EXERCISE AIM :: Look for the string "with" in the listing below and copy every line in which it appears.

RECORDS ::
####################
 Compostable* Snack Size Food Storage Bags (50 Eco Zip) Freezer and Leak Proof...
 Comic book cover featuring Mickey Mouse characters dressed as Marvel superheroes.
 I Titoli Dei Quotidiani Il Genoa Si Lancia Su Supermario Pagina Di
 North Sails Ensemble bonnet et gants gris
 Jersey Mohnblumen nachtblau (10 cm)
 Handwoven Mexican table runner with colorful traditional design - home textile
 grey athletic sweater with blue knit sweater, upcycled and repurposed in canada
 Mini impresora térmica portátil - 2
####################
ANSWER ::
 Handwoven Mexican table runner with colorful traditional design - home textile
 grey athletic sweater with blue knit sweater, upcycled and repurposed in canada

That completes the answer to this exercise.